Según la mitología griega, Pigmalión esculpió en marfil a una bella mujer a la que llamó Galatea. Consiguió tal perfección y belleza que se enamoró de ella. Rogó a los dioses para que le dieran vida a la escultura. Afrodita premió su trabajo y atendió su petición otorgando atributos humanos a su obra.
De este relato los exegetas han extraído dos conclusiones. La primera es que las expectativas que tienen unas personas sobre otras influyen en la manera de comportarse estas, positiva o negativamente. Constituye un estímulo saber que los demás esperan de ti que consigas una meta. Un ejemplo clásico es el del maestro que convence a sus alumnos de que son capaces de alcanzar sus objetivos. Quieren hacerse merecedores de la confianza que depositan en ellos y procurarán poner los medios adecuados para no defraudarla. Es el conocido como efecto Pigmalión
La segunda es el efecto Galatea. Creer en nuestras posibilidades y en ser capaces de alcanzar lo que nos proponemos. Es la autoestima con la que levantamos vuelo y superamos las dificultades.
En sentido negativo conducen al desánimo y a la frustración. No hay frases que destruyan psicológicamente más que las que humillan o desprestigian: ‘No llegarás nunca a ningún sitio’. Un tremendo error que hemos podido cometer alguna vez y que debemos evitar.
Ambos efectos se complementan e interactúan.
Merecen reconocimiento y aplauso quienes desempeñan su trabajo con eficiencia y realismo. Pero también puede ocurrir que algunos perciban distorsionado y con interferencias el mensaje y yerren en su interpretación.
Alrededor de los personajes que alcanzan fama y poder hay siempre aduladores que, buscando medro, crean una burbuja que aísla a los halagados de la realidad y acrecientan desproporcionadamente sus egos.
Les ríen las gracias a sus insulsas ocurrencias y les ponen alfombras para ocultarles las piedras del camino. La venda de los halagos y un narcisismo enfermizo los ciega. Tienen que ser muy inteligentes y tener muy claros sus principios para no sucumbir a los encantos de las lisonjas. Los más necios empiezan a creerse superiores e insustituibles y a comportarse arbitrariamente. Cuando se les quiere parar es demasiado tarde.

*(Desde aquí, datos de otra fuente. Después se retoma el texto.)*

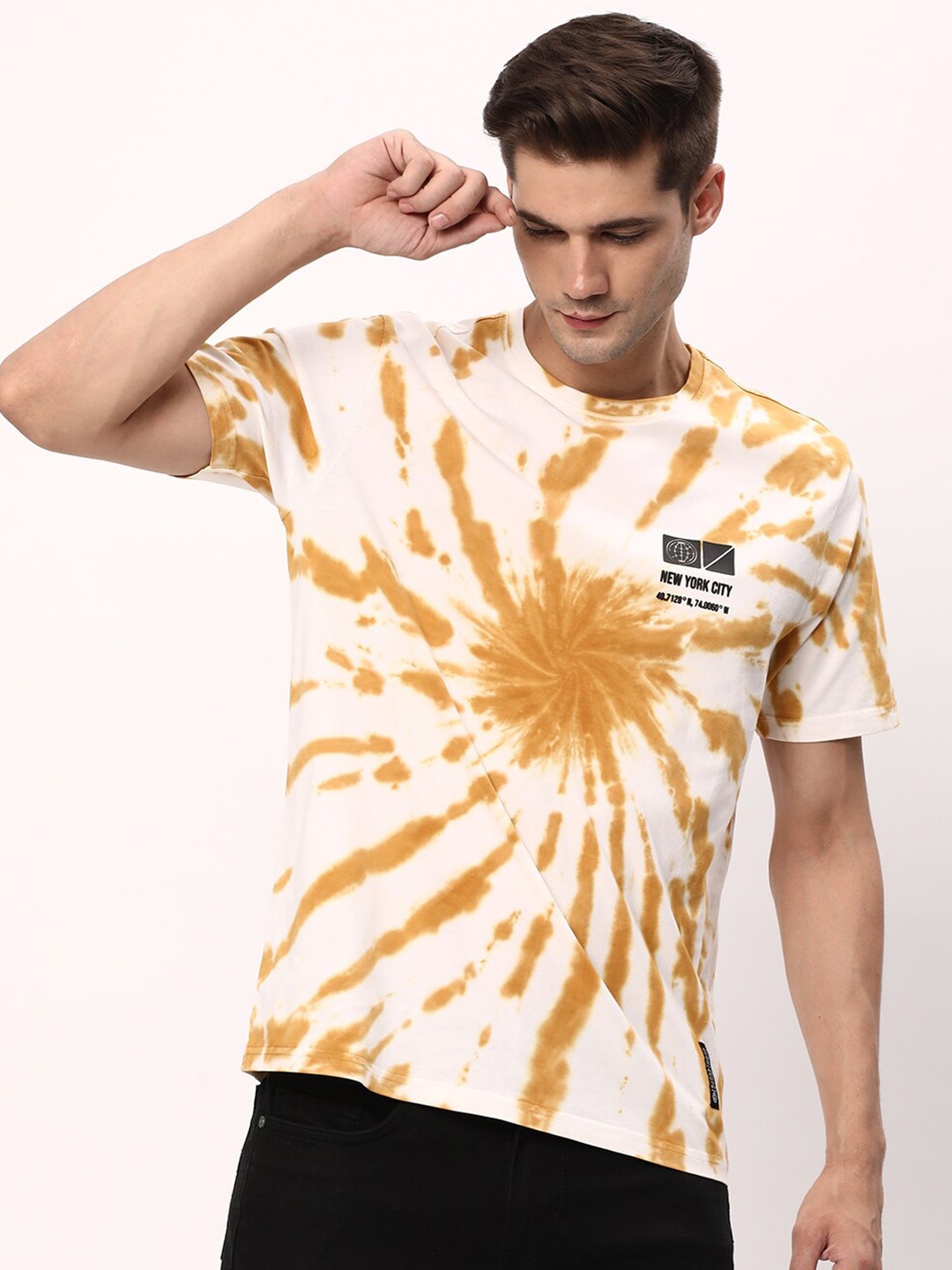 

R&B Tie & Dyed Cotton T-shirt, White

Los tiranos nacieron en este caldo de cultivo. La democracia, afortunadamente, tiene remedios, mientras no la maleen, para abortar esos engendros.
Un repaso a la historia pasada y reciente nos ofrece numerosos ejemplos: caudillos, represores con ropajes democráticos, líderes supremos, guías espirituales con la mano extendida señalando el camino a sus pueblos…
El dictador rumano Nicolae Ceausescu pronunciaba un discurso el 21 de diciembre de 1989 desde el palacio presidencial de Bucarest. No se dio cuenta que las termitas habían carcomido la base de su pedestal y saludaba a la multitud creyendo que lo aclamaban. No eran aplausos, sino abucheos. Cuando le avisaron ya era tarde. El oficial del ejército que lo acompañaba lo despertó del sueño. “Señor presidente, hay una revolución aquí fuera. Usted está solo. ¡Buena suerte!”.